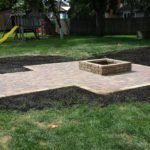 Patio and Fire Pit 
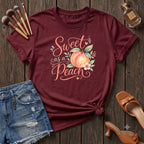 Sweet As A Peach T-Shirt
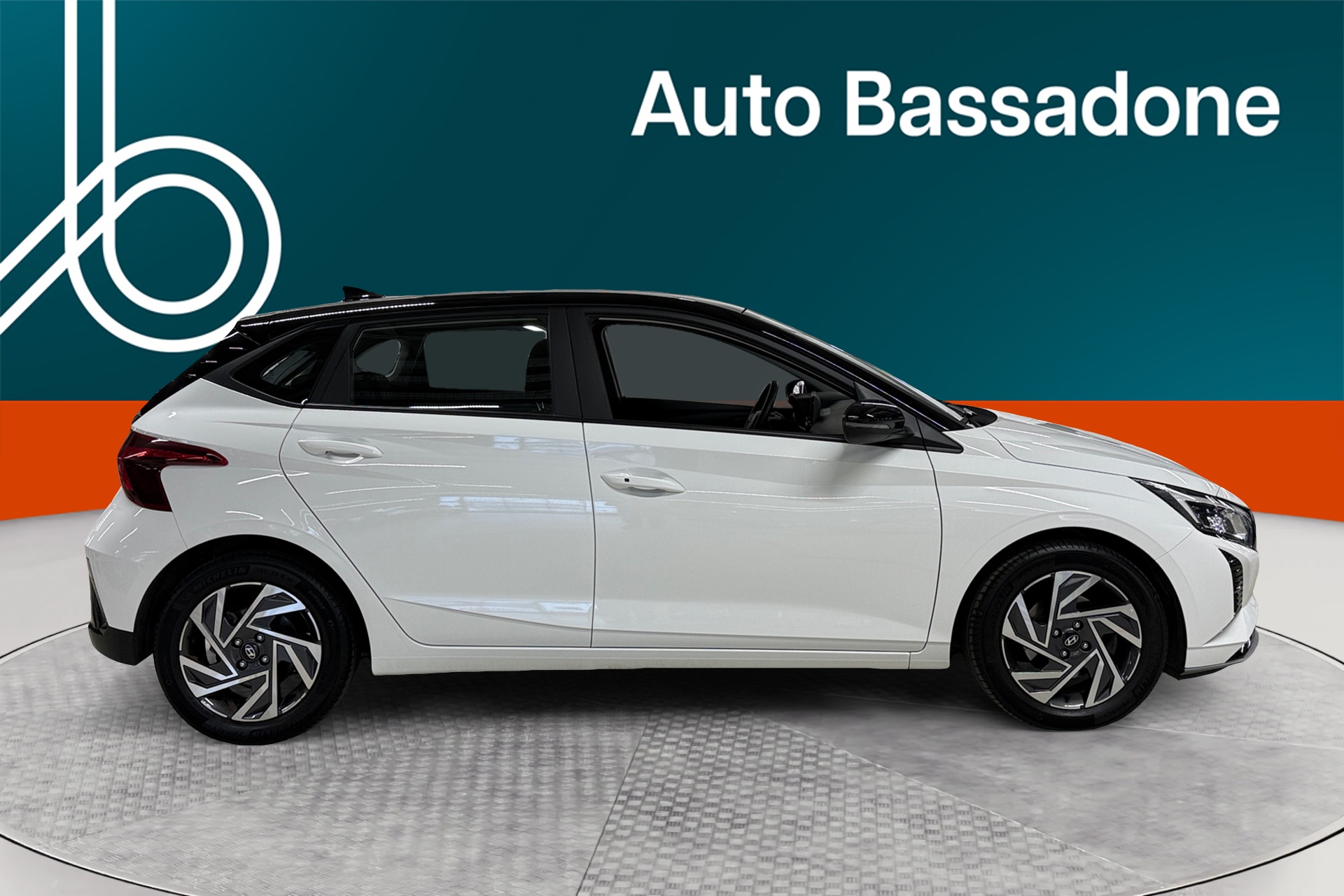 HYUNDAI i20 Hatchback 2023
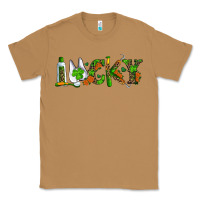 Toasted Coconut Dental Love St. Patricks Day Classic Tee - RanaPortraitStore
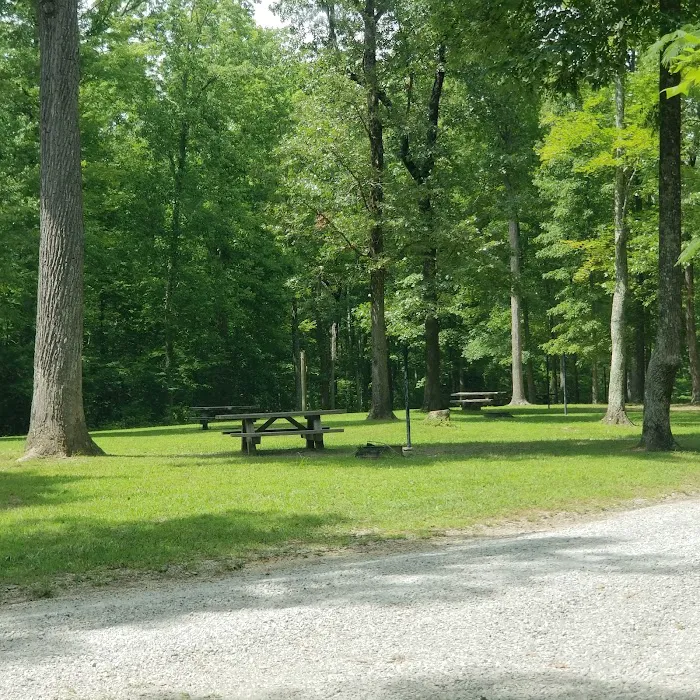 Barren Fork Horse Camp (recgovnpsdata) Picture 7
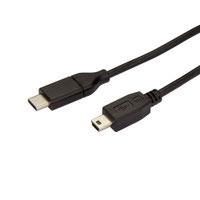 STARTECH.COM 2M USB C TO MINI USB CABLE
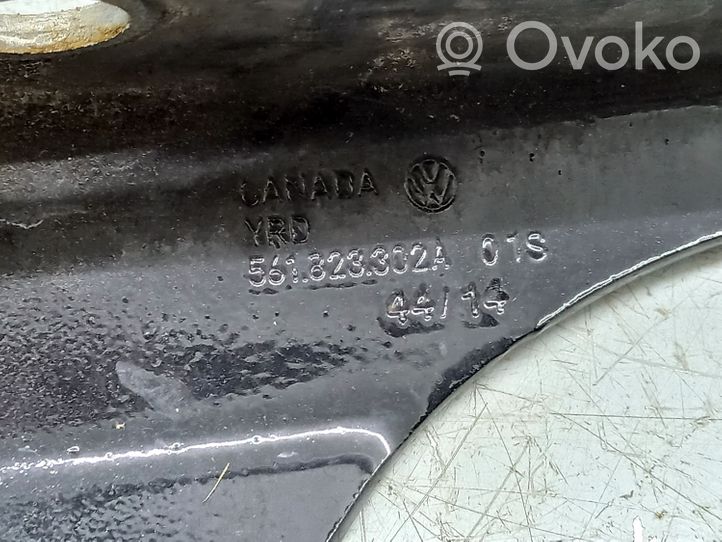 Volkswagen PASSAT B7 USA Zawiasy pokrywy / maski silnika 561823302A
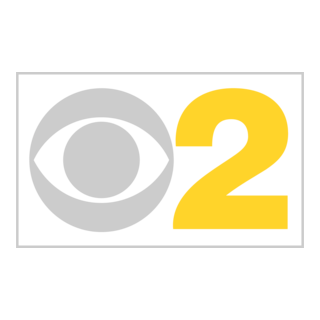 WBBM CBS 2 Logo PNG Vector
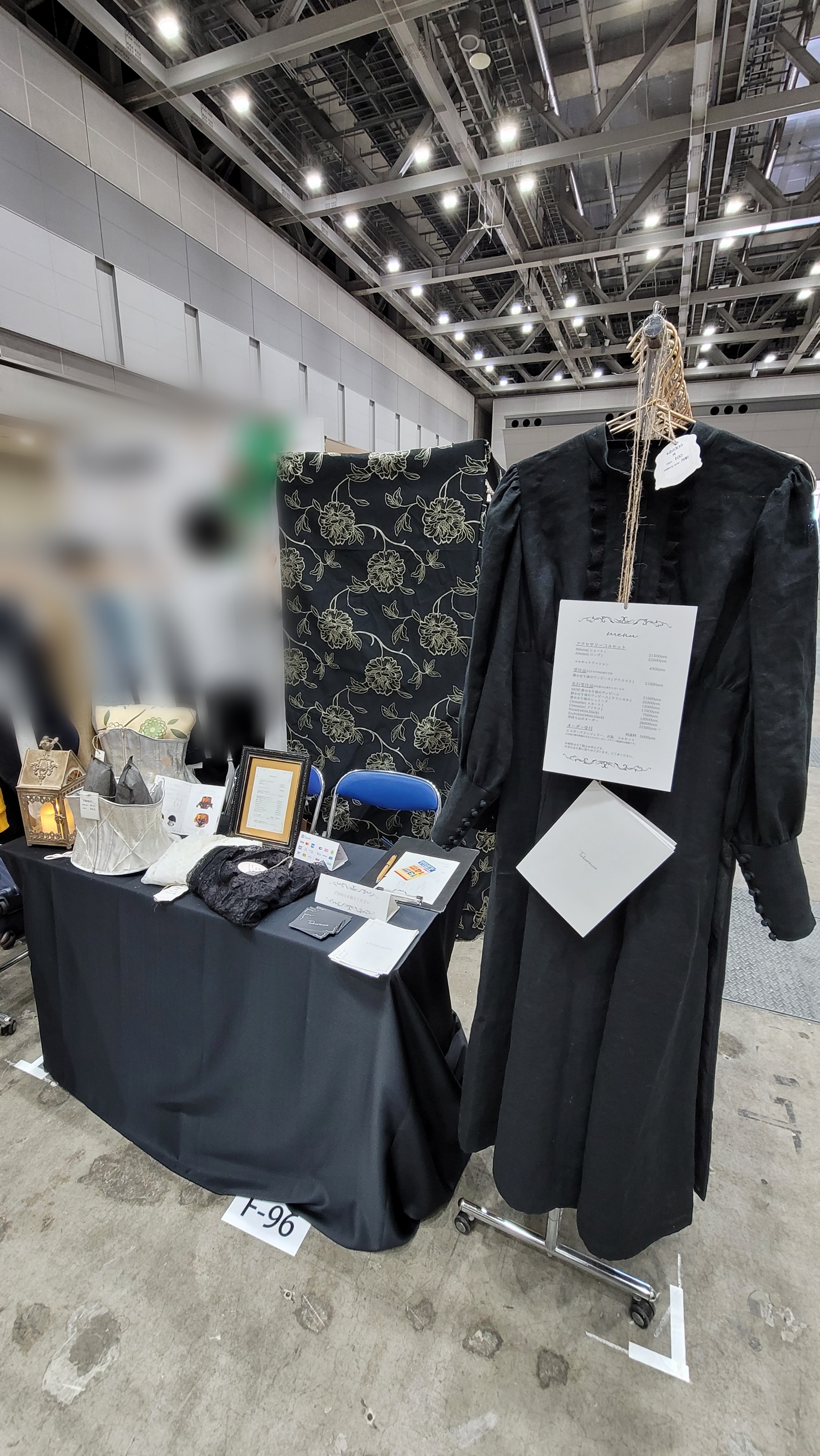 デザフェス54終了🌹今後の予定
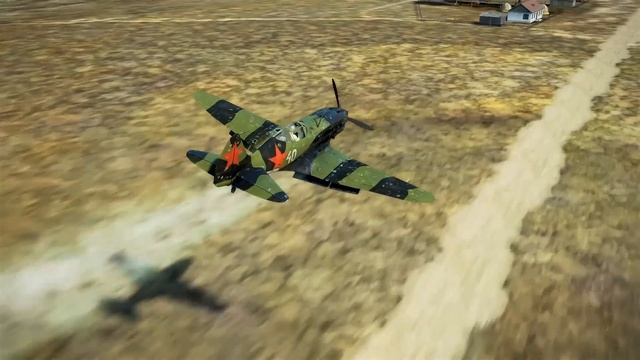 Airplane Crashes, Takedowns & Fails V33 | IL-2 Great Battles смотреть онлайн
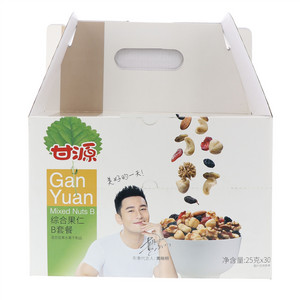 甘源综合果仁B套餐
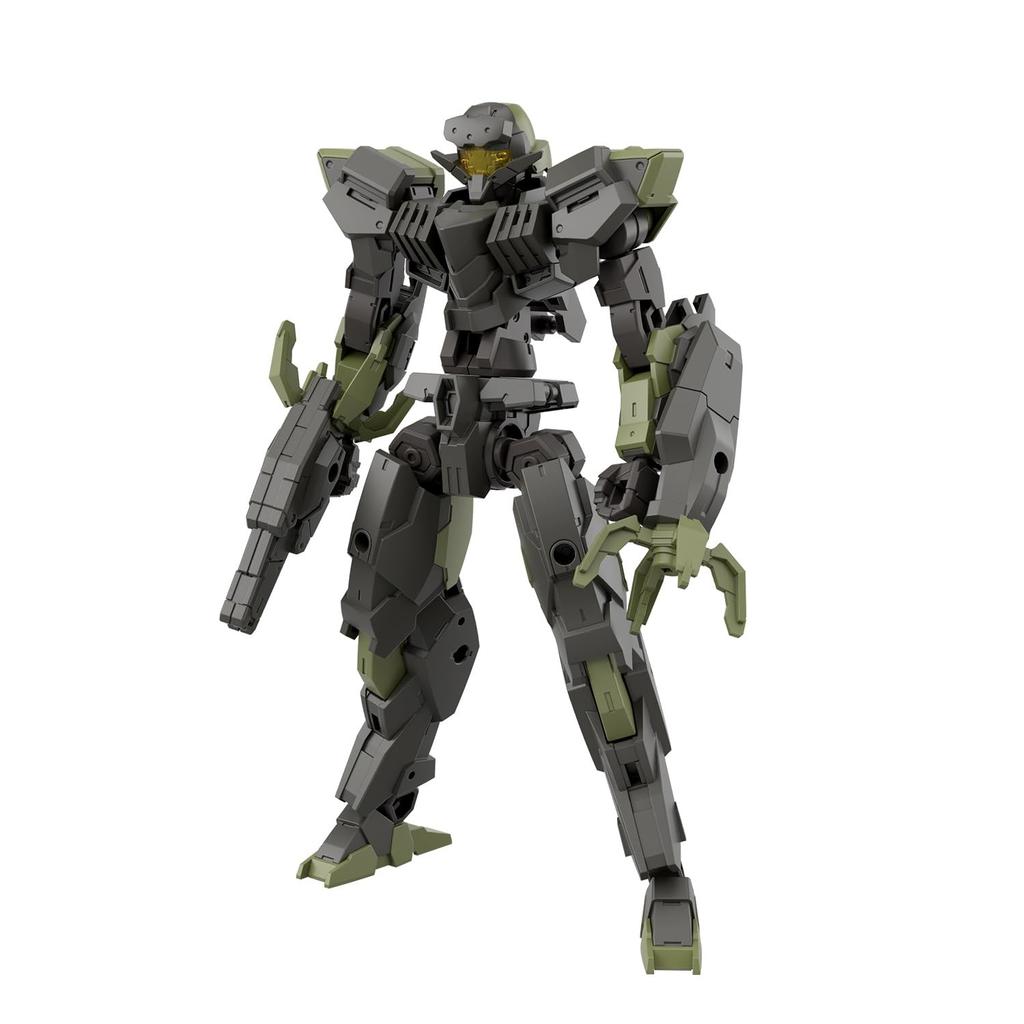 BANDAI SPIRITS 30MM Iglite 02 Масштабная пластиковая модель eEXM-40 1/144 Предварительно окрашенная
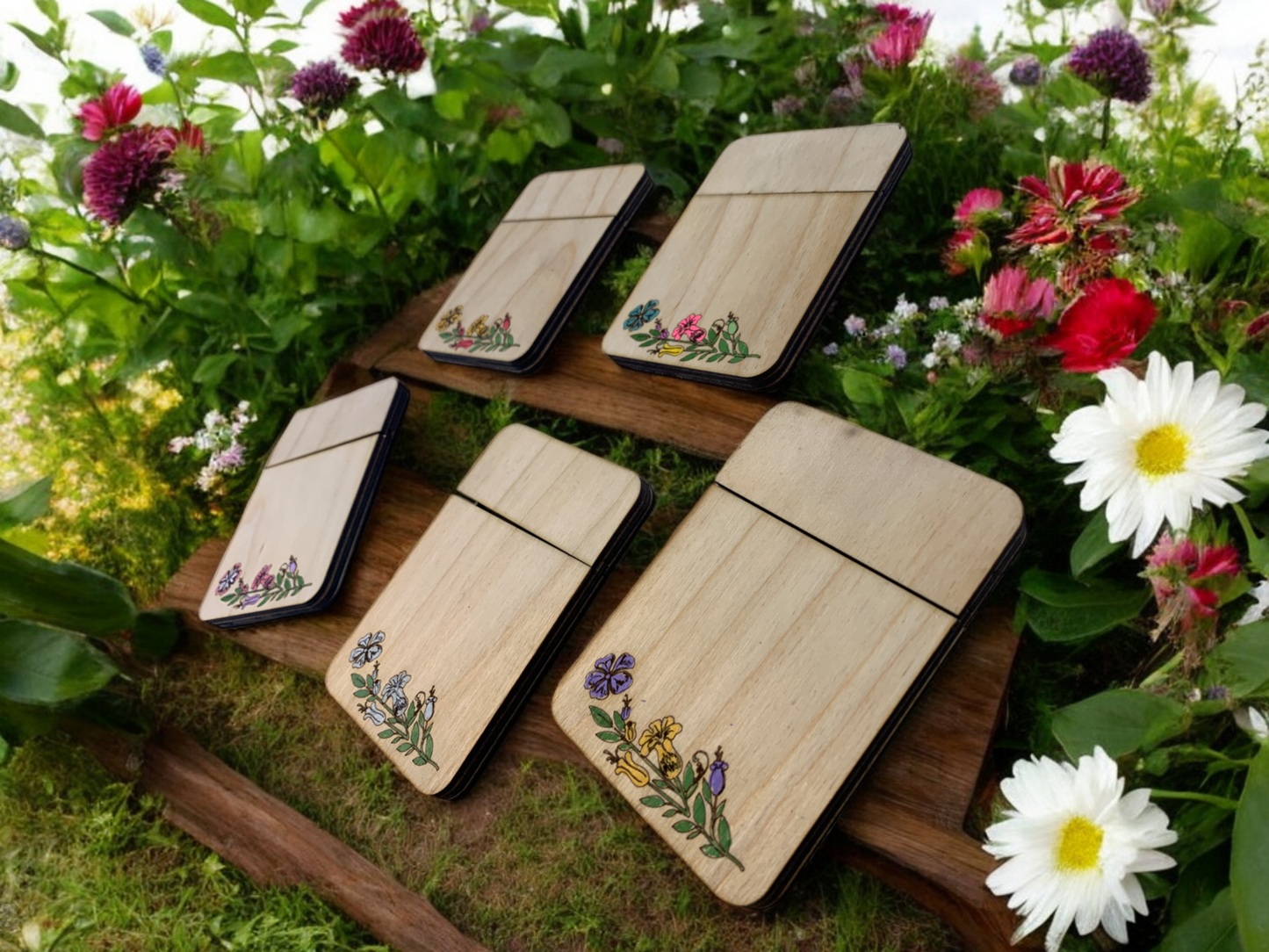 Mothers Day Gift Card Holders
= = = =
## WHAT THE TASK REQUIRES:
With the images omitted, retype the records above exactly.

## EXPECTED ANSWER:
 Patio and Fire Pit 
 Sweet As A Peach T-Shirt
 HYUNDAI i20 Hatchback 2023
 Toasted Coconut Dental Love St. Patricks Day Classic Tee - RanaPortraitStore
 Barren Fork Horse Camp (recgovnpsdata) Picture 7
 STARTECH.COM 2M USB C TO MINI USB CABLE
 Volkswagen PASSAT B7 USA Zawiasy pokrywy / maski silnika 561823302A
 WBBM CBS 2 Logo PNG Vector
 デザフェス54終了🌹今後の予定
 Airplane Crashes, Takedowns & Fails V33 | IL-2 Great Battles смотреть онлайн
 甘源综合果仁B套餐
 BANDAI SPIRITS 30MM Iglite 02 Масштабная пластиковая модель eEXM-40 1/144 Предварительно окрашенная
 Mothers Day Gift Card Holders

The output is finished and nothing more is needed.